= Exercise data =

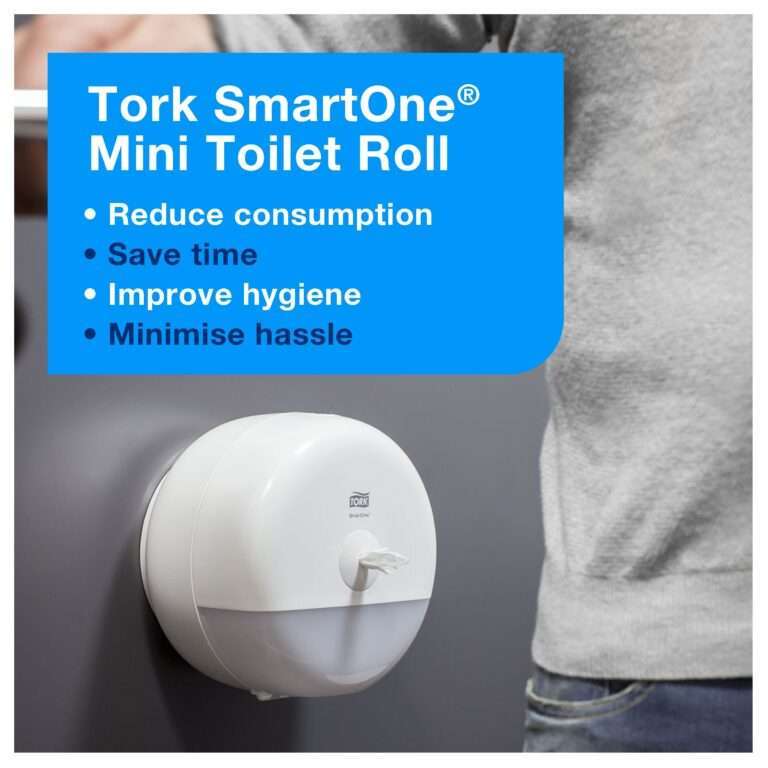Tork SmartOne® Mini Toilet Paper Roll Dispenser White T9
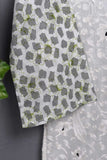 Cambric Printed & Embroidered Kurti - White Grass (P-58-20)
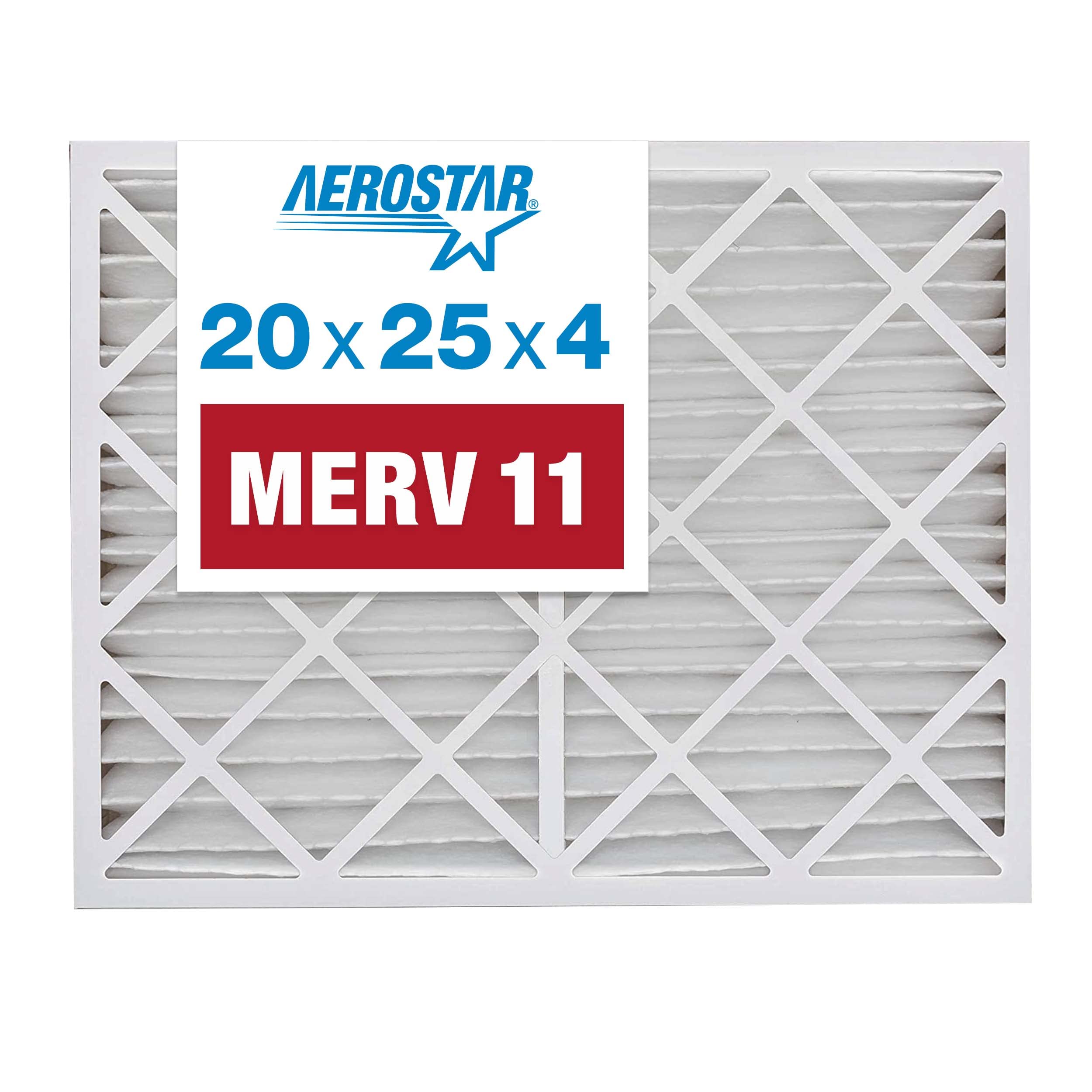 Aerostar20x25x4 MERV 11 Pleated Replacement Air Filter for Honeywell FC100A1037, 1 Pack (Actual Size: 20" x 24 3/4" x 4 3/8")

= Task to complete =
Print the stretch of the data from the line with "Cambric Printed &" through its last line, exactly and with both ends kept. Omit pictures.

= Solution =
 Cambric Printed & Embroidered Kurti - White Grass (P-58-20)
 Aerostar20x25x4 MERV 11 Pleated Replacement Air Filter for Honeywell FC100A1037, 1 Pack (Actual Size: 20" x 24 3/4" x 4 3/8")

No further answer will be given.